Selling Across EU Borders? Here's How VAT Works
Cross-border e-commerce within the EU has specific VAT rules. OSS, reverse charge, thresholds — here's what you need to know.
Selling across borders within the EU is great for growth, but VAT gets complicated fast. Different countries, different rates, different rules. Here's the practical breakdown.
The One-Stop-Shop (OSS) system
Since July 2021, the EU has the OSS system. Instead of registering for VAT in every EU country where you sell, you register for OSS in your home country and report all EU sales through a single return. The threshold to trigger OSS is €10,000 in annual cross-border B2C sales across all EU countries combined.
B2C vs. B2B — completely different rules
B2C (selling to consumers): Below the €10,000 threshold, you charge your home country's VAT rate. Above it, you charge the destination country's rate and report through OSS.
B2B (selling to businesses): If the buyer has a valid VAT number, you apply the reverse charge mechanism — 0% VAT on your invoice, and the buyer self-assesses VAT in their country.
Which VAT rate to charge?
This depends on the destination country and the product category. Germany has 19% standard / 7% reduced. France has 20% / 5.5%. Belgium has 21% / 6%. Your invoicing tool should handle this automatically if you configure it for OSS.

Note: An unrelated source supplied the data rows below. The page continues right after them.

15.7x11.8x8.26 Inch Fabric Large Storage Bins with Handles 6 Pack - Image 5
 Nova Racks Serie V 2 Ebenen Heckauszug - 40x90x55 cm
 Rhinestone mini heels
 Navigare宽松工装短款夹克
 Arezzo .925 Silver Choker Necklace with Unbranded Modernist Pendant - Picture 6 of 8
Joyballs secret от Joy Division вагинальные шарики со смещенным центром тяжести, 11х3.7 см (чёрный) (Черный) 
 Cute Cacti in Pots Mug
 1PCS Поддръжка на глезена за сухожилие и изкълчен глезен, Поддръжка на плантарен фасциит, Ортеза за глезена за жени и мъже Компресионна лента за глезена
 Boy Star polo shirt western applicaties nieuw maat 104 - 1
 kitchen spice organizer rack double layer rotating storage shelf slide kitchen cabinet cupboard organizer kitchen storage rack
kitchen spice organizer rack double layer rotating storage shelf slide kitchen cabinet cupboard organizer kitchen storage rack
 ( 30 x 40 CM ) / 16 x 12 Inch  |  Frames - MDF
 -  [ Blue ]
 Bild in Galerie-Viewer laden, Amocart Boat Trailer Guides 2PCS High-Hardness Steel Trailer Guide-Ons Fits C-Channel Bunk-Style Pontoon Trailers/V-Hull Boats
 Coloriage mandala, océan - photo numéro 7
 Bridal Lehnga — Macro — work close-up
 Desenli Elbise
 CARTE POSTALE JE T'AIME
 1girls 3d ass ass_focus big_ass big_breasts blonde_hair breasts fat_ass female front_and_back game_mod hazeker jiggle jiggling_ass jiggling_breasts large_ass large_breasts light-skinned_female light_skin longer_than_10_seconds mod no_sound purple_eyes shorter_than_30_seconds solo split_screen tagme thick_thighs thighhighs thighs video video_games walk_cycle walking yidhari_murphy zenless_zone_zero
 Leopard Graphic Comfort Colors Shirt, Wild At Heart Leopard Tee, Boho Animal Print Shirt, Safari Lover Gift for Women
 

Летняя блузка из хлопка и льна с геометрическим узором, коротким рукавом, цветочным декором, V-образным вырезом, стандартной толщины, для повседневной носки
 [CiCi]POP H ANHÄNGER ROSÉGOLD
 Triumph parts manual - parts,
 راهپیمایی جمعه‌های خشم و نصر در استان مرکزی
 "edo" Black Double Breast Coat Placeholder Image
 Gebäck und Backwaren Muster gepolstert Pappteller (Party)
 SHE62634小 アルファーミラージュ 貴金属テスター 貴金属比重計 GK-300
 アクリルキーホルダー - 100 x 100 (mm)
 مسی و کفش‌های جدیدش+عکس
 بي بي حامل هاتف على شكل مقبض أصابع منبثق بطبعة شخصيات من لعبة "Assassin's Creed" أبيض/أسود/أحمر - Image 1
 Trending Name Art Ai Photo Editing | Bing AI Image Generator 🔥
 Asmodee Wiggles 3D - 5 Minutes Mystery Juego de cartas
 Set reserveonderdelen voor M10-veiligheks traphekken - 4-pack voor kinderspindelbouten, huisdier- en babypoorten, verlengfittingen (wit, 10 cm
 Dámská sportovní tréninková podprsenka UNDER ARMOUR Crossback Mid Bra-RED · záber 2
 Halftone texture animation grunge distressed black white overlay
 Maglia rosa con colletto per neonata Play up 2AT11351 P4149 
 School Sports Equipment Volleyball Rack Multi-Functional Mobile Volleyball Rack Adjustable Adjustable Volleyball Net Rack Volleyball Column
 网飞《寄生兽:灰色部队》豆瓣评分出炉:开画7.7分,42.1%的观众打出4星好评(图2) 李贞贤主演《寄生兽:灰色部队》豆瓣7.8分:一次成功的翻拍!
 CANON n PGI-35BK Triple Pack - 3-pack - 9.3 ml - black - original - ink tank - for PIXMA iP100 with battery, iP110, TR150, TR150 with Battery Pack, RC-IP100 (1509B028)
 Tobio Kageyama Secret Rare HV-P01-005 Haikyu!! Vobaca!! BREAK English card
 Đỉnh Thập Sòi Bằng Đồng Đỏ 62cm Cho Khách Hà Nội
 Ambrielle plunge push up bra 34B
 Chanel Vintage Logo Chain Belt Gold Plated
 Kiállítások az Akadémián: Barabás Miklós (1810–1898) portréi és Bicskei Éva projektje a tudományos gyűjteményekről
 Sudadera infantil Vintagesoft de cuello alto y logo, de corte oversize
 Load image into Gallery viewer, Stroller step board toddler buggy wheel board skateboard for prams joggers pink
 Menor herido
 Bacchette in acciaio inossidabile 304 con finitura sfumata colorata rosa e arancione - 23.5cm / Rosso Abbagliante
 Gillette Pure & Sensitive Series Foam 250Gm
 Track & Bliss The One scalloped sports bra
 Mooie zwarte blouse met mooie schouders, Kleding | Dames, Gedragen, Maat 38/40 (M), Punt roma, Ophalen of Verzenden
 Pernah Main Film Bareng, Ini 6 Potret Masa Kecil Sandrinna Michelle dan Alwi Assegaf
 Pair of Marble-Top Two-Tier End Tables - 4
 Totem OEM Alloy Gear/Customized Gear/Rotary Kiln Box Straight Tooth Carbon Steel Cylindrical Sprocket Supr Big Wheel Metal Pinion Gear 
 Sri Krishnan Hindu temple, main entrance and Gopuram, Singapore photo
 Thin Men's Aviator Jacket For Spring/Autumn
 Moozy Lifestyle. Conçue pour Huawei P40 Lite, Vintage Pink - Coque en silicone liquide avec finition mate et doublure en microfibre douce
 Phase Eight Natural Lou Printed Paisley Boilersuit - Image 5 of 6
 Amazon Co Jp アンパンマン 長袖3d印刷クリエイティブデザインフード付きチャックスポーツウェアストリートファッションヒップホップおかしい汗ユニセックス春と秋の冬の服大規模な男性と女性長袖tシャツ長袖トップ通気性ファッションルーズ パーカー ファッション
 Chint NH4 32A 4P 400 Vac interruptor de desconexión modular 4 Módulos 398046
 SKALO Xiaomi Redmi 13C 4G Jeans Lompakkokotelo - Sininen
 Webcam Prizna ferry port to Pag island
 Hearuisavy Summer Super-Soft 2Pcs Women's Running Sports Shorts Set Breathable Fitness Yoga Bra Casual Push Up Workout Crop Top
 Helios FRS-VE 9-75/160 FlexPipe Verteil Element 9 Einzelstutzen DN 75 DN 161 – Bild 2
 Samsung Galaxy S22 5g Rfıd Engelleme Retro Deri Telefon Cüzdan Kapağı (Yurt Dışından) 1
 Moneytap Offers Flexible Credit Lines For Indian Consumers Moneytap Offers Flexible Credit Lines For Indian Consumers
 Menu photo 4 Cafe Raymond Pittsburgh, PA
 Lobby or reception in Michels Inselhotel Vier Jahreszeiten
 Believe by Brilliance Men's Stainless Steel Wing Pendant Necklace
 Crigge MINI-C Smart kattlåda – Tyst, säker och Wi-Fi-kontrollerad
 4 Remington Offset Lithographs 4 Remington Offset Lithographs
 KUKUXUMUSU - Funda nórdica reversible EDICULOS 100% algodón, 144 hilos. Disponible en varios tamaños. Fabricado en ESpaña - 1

Marketplace facilitator rules
Important: for some marketplaces, the platform itself is considered the "deemed supplier" for VAT purposes. This means the marketplace charges and remits VAT, and you receive the net amount. Check your marketplace's VAT policy — it varies by platform and product type.
Keep records clean
For cross-border sales, your records need to show: the customer's country, the VAT rate applied, the VAT amount, and whether it was a B2B or B2C sale. Automatic invoicing makes this dramatically easier than doing it by hand.